[Beowulf] recommendations for cluster upgrades

Bill Broadley bill at cse.ucdavis.edu
Thu May 14 01:01:15 EDT 2009

Gerry Creager wrote:
> I'm going to take a little issue with Mark's first statement.  I've been
> bitten by Intel math bugs in the past (rerunning simulations for

All CPUs have bugs.

> verification of performance results in interestingly different answers).

IMO that should happen with all new CPUs, not just the big jumps.  Every
revision of the core has the potential to change something important.

>  Intel's got new hardware, new silicon, and a bit of a history of not
> reporting errors in silicon until they think they have a fix.

Yeah, the PR side of the fdiv bug was handled poorly, especially into regards
to when it would happen (they were wildly low on the rate) and what it would
effect (they claimed it would trigger various ops that use fdiv's results).  I
produced one of the counter examples, but that was quite a few CPU revisions
ago.  It was kind of sadly amusing to watch intel trying to get Linus to sign
a NDA covering a fix for the fdiv bug.

With all that said, Intel's learned and they regularly publish rather details
errata on their CPUs.  The nehalem core isn't particularly new, it's already
been through at least 2 production revisions (C0 an D0), and has been shipping
for some 6 months or so.

So sure, the most conservative thing is to wait, but personally I've found
that CPU correctness is the least of my worries.  Users, compiler,
optimization, application, and gamma rays all seem to cause more errors these
days.  That the nehalem provides a rather large performance factor certainly
enters into my value decision.

> I'm skeptical enough to wait for at least one iteration down the road.
> Or some additional experience reporting here.

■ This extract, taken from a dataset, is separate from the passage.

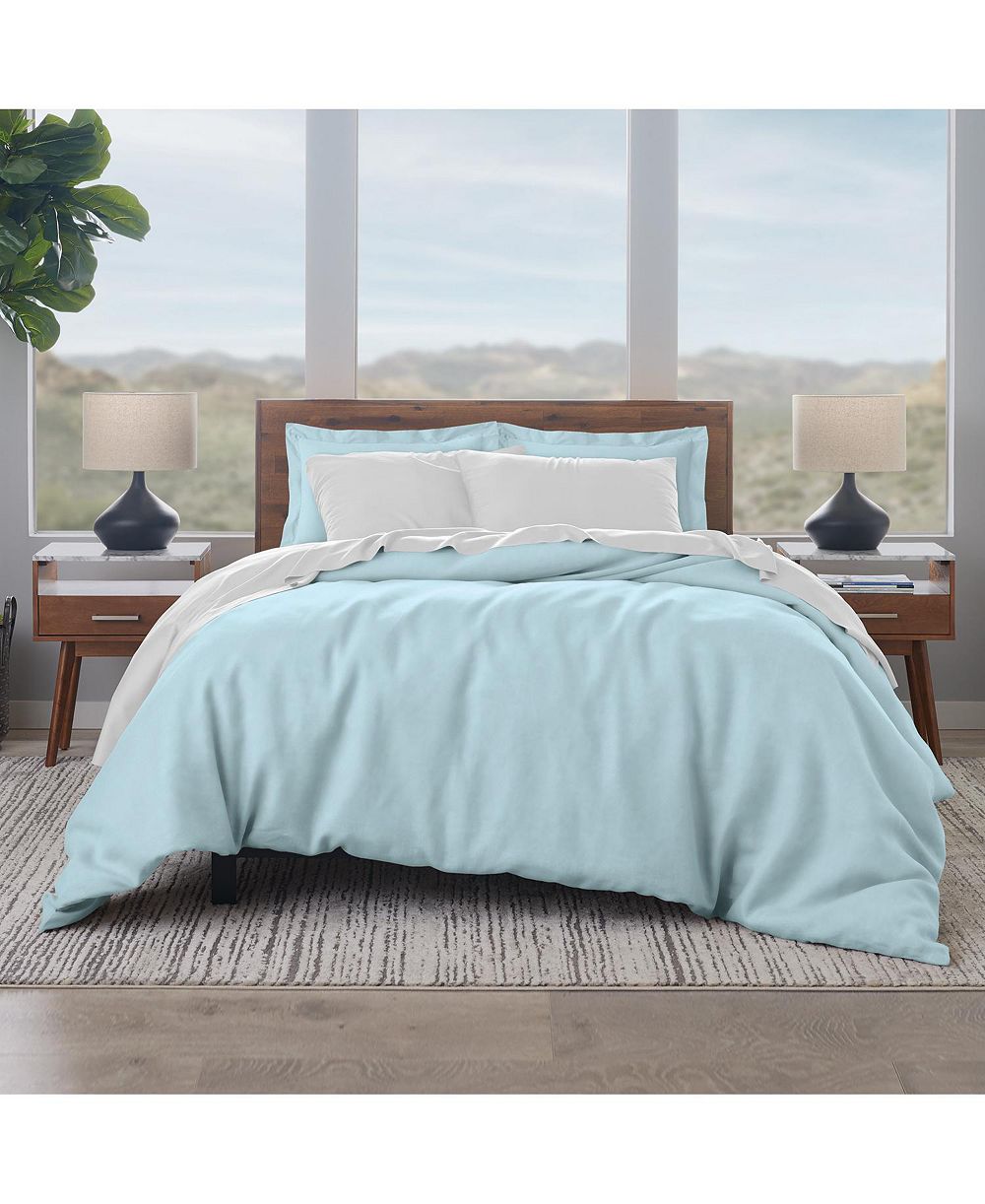 Ella Jayne Premium 100% Cotton 300 Thread Count 3-Piece Duvet Cover Set, Full/Queen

Dunno.  The actual cores seem pretty similar to the previous generation.
Relaxing of issue rules and a few small tweaks seem to have improved the IPC
from 0-5%.  The big changes are hyperthreading which while it isn't new to
intel, it's new on the core based CPUs.  The memory controller while providing
radically better performance seems a pretty simple change from the previous
generation north bridge.  Sure it's 3 channels instead of 2.. and on chip.s

It's not at all clear to me that the next generation with a shrink, more
cores, and/or more threads will be any less of a risk.  I would however be
surprised if any of the next CPU revisions offer anywhere close to the
performance improvement that the nehalem offers over the previous intel.